* **Activity**: In the entries below, find the line with "Pair Of Italian" and the line with "Christmas Blankets, Soft"; reproduce those two lines and all lines between them exactly, without pictures.

Excerpts from a dataset
#####
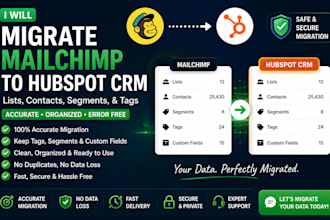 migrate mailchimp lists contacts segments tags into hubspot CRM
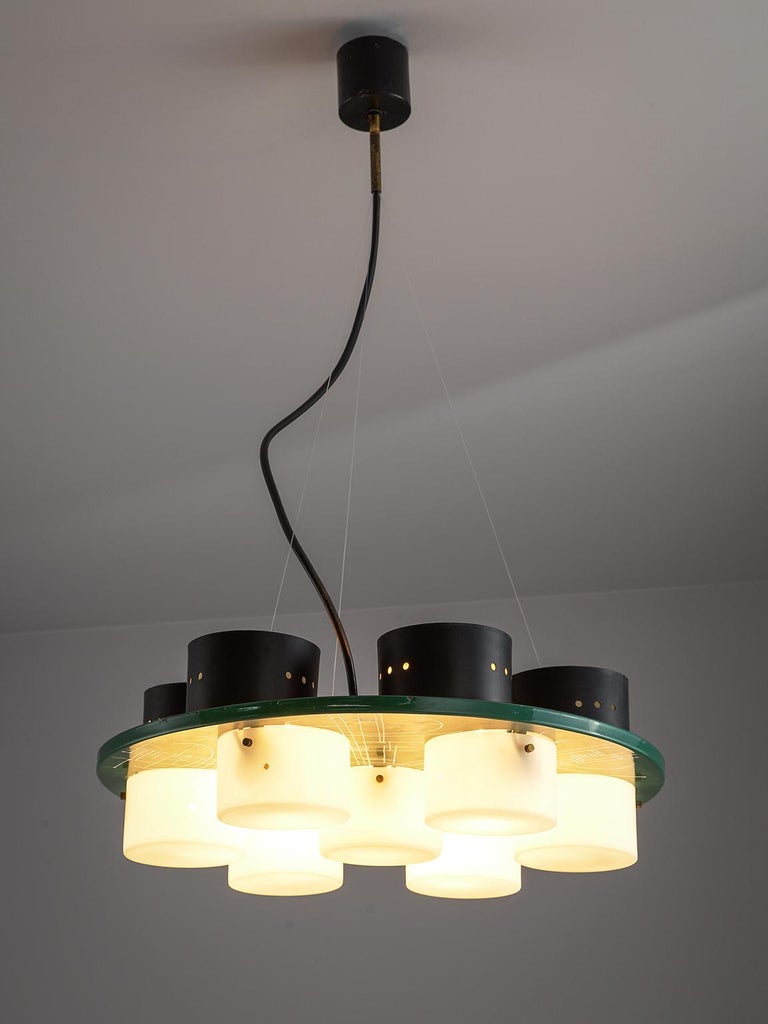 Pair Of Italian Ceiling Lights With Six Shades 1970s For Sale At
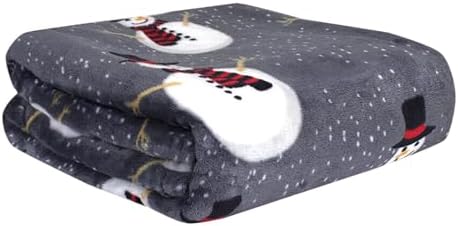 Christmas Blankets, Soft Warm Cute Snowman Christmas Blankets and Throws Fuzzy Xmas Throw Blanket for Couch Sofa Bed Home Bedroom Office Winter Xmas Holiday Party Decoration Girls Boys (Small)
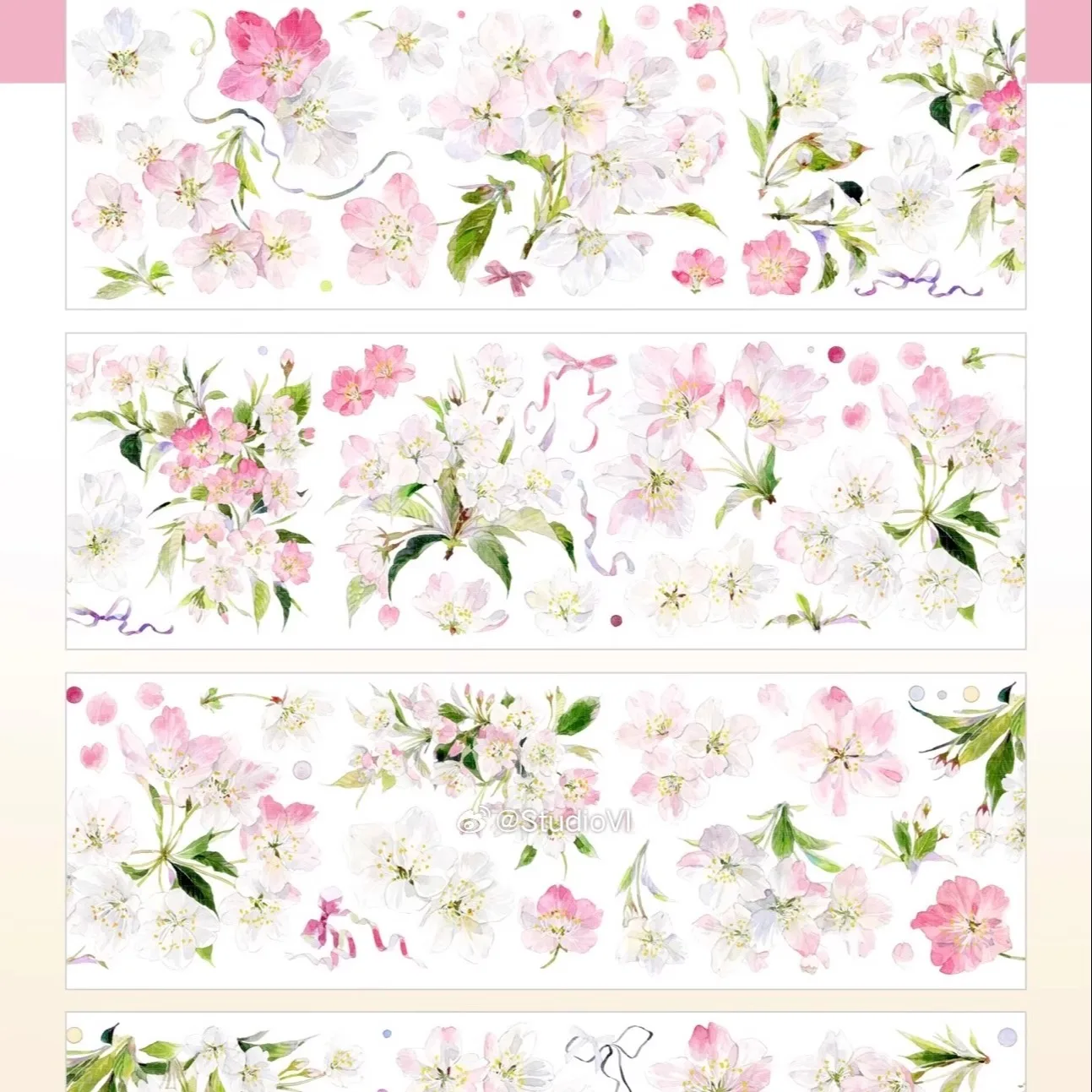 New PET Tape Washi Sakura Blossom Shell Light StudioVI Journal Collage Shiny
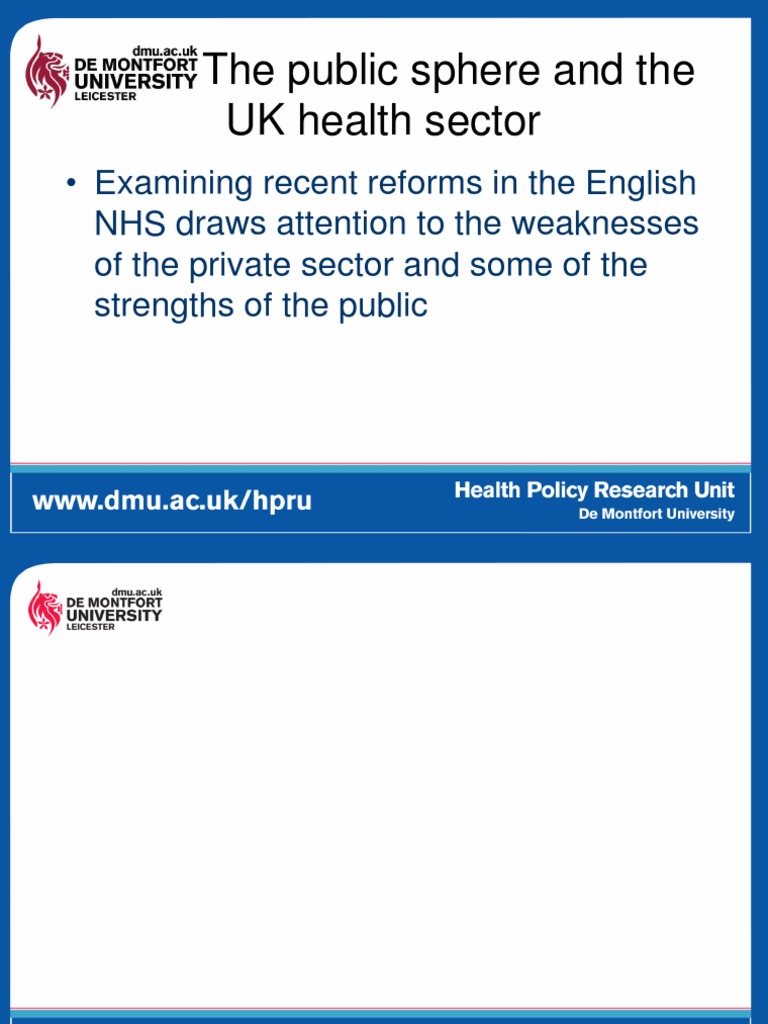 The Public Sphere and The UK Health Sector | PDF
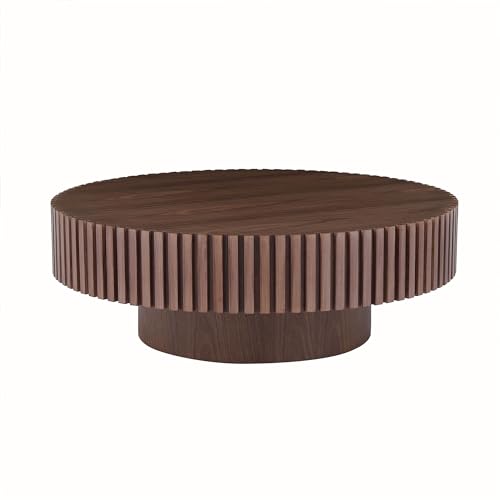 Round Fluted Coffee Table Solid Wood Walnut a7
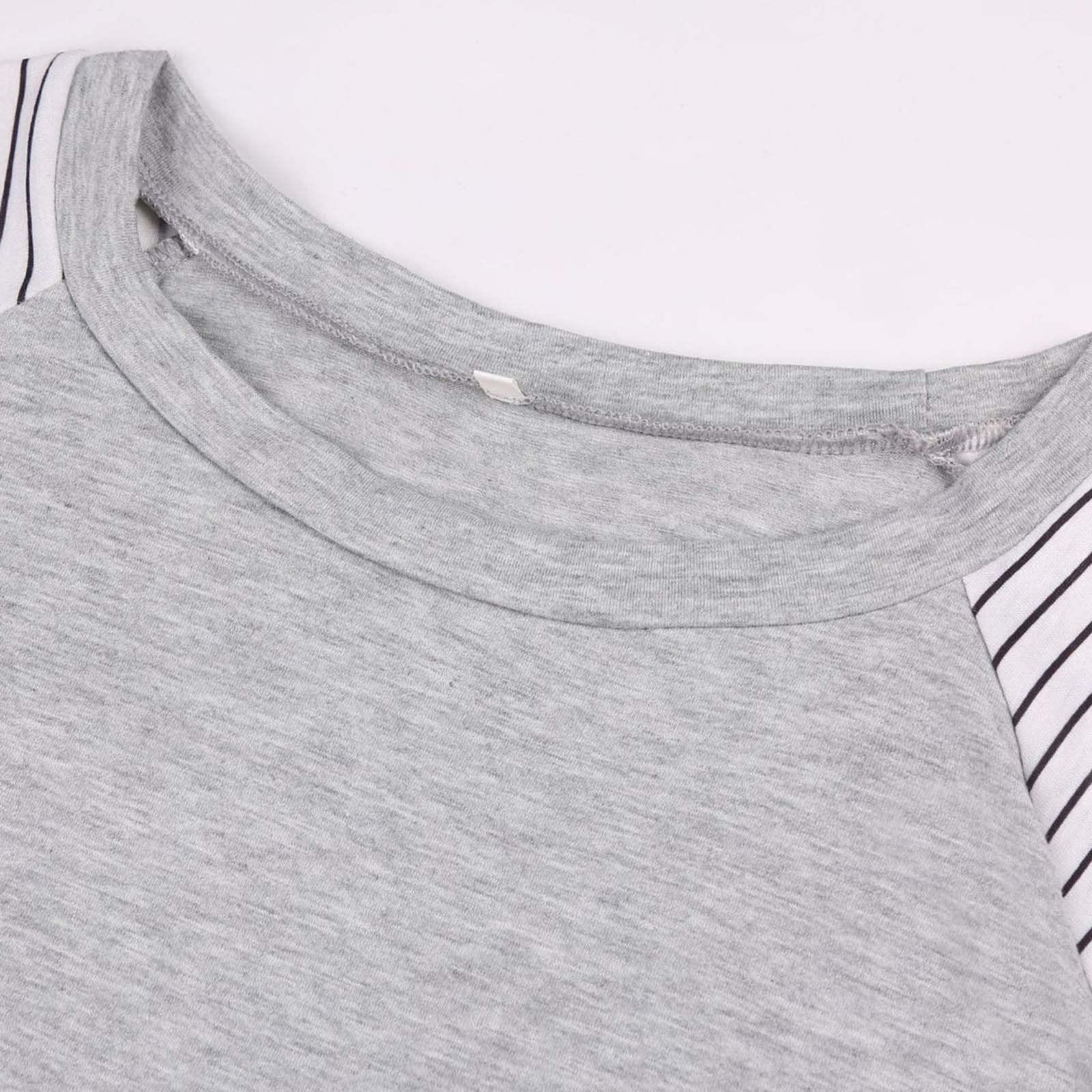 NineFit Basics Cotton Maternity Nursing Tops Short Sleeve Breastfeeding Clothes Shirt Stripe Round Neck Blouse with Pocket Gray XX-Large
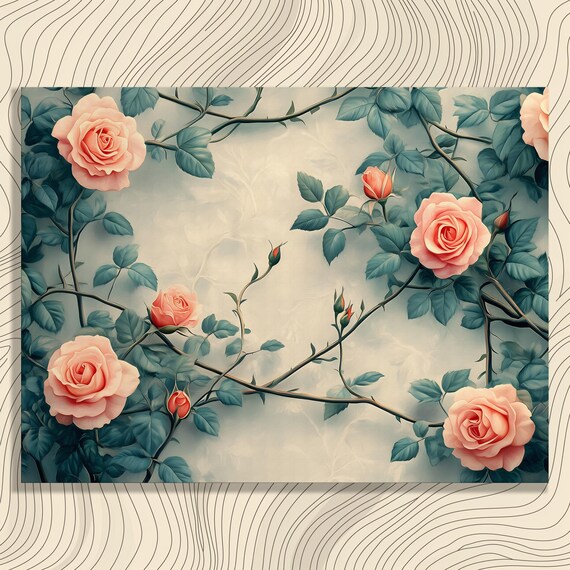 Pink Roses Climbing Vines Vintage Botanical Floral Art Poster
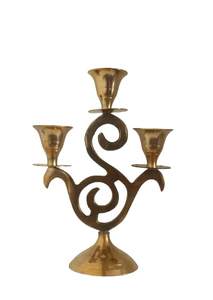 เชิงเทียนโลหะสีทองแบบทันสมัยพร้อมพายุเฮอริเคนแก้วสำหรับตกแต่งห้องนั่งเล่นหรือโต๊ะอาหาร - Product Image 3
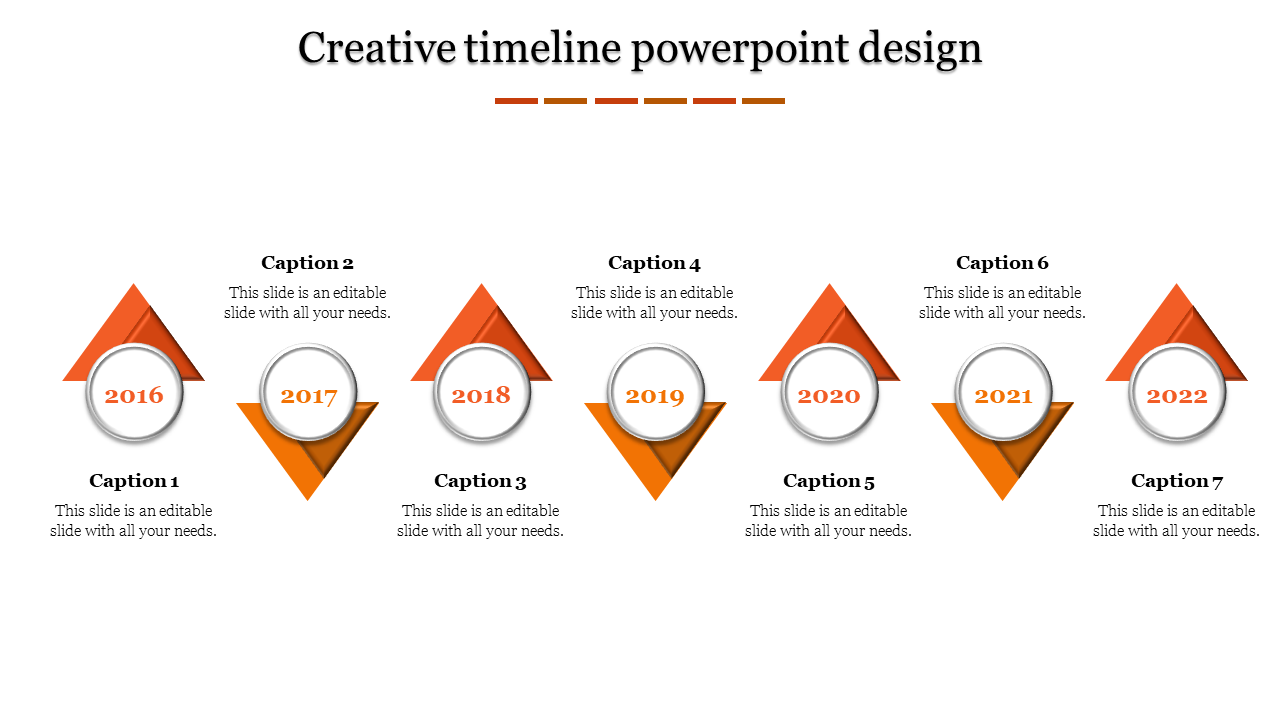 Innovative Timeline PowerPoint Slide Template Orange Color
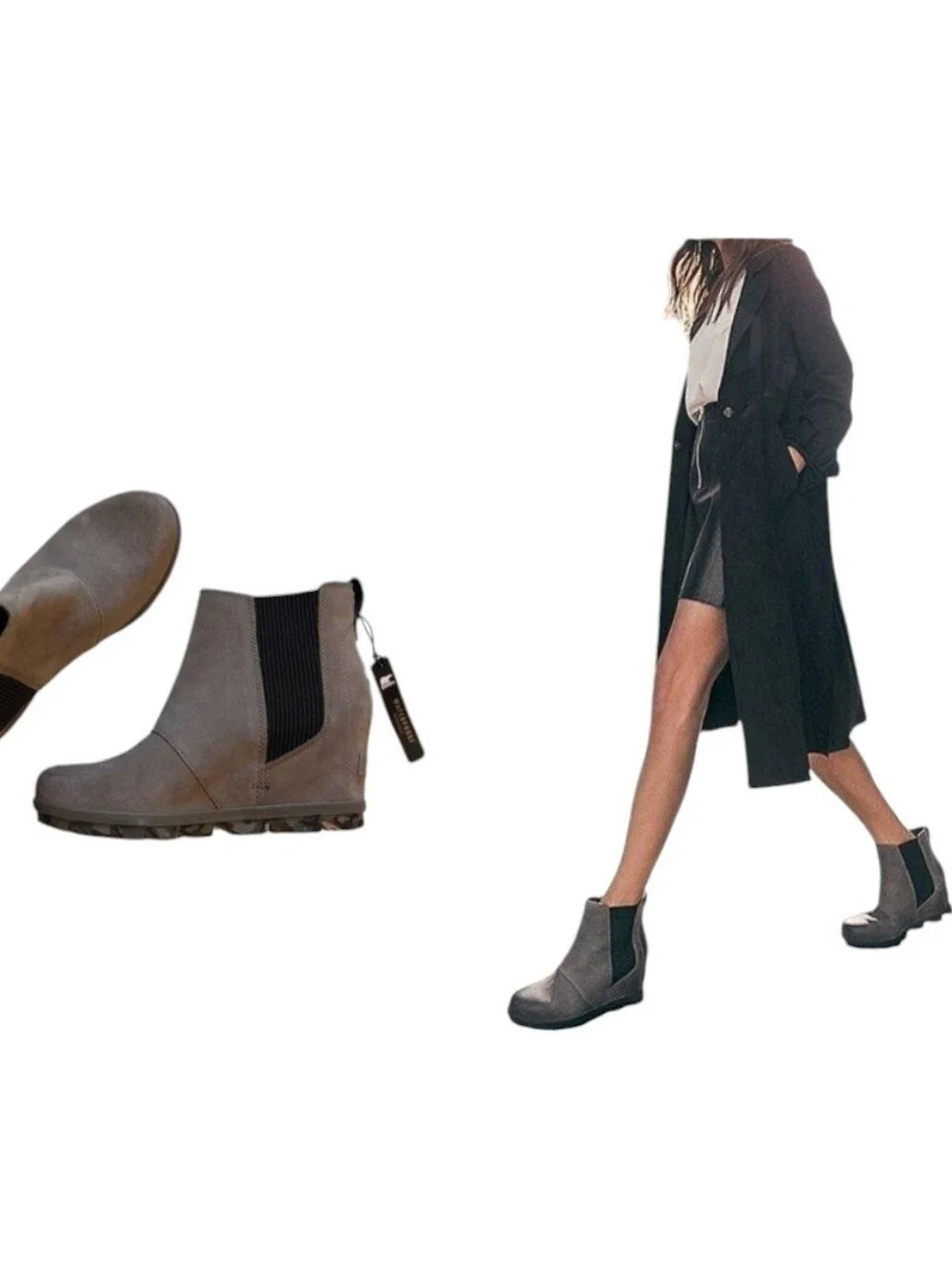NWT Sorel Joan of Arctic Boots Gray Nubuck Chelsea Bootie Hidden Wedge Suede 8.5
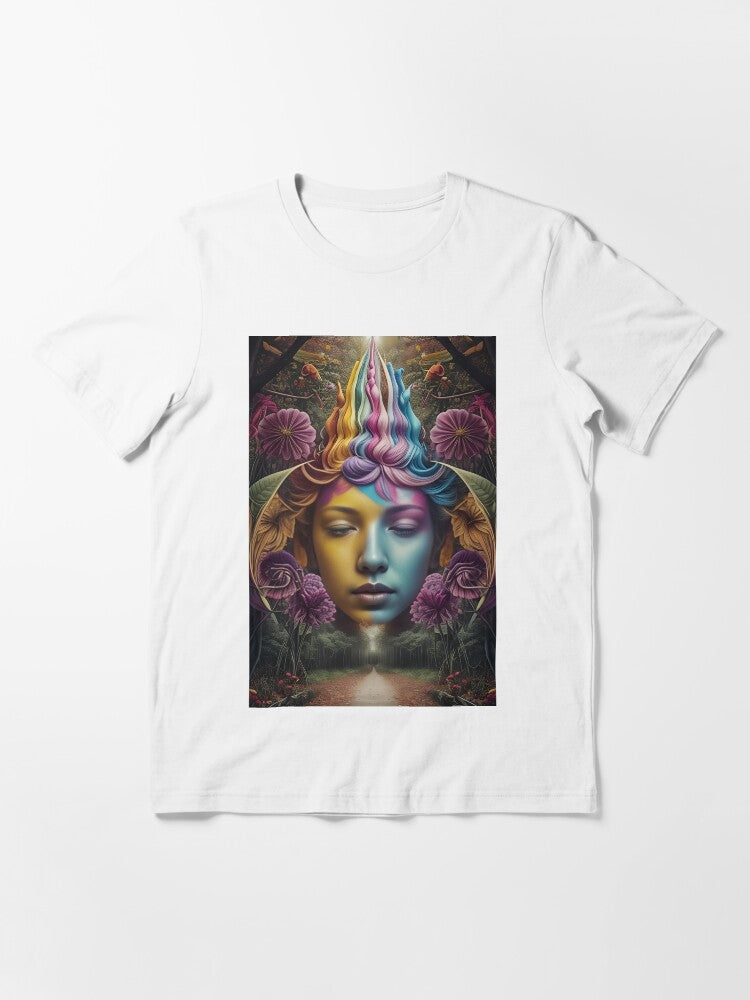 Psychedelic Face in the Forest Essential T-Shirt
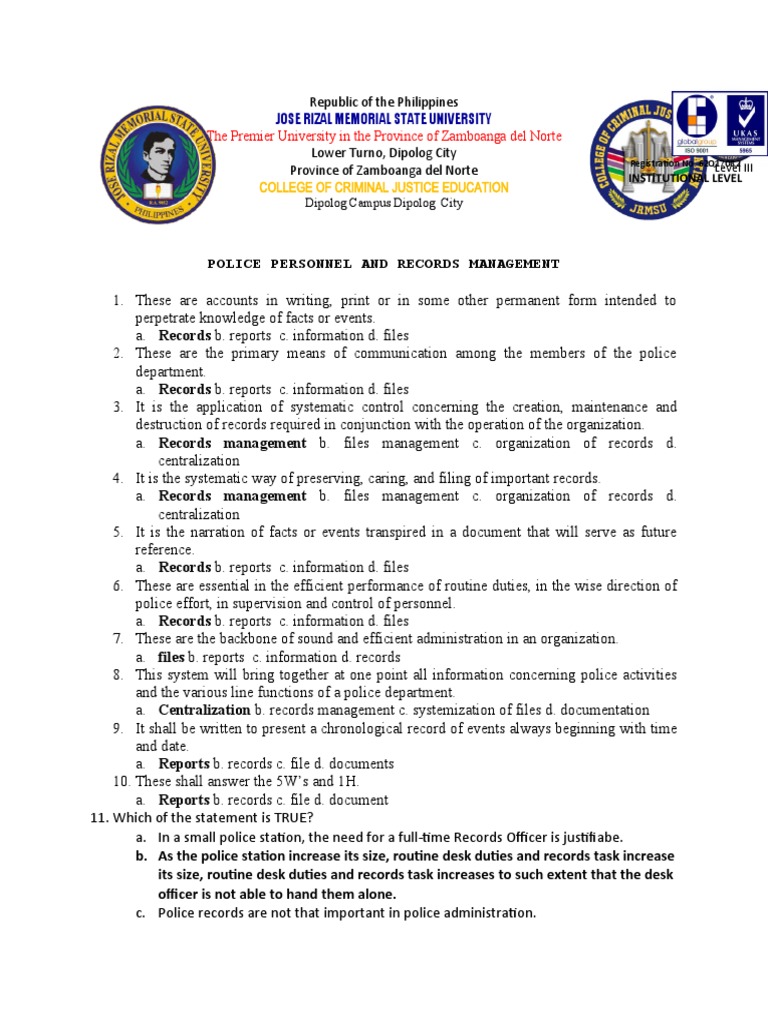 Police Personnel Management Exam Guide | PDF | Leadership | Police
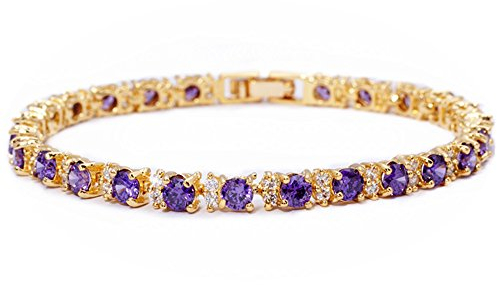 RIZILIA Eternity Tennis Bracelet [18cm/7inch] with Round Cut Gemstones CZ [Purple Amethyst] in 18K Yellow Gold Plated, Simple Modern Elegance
#####
* **Answer section**:
 Pair Of Italian Ceiling Lights With Six Shades 1970s For Sale At
 Christmas Blankets, Soft Warm Cute Snowman Christmas Blankets and Throws Fuzzy Xmas Throw Blanket for Couch Sofa Bed Home Bedroom Office Winter Xmas Holiday Party Decoration Girls Boys (Small)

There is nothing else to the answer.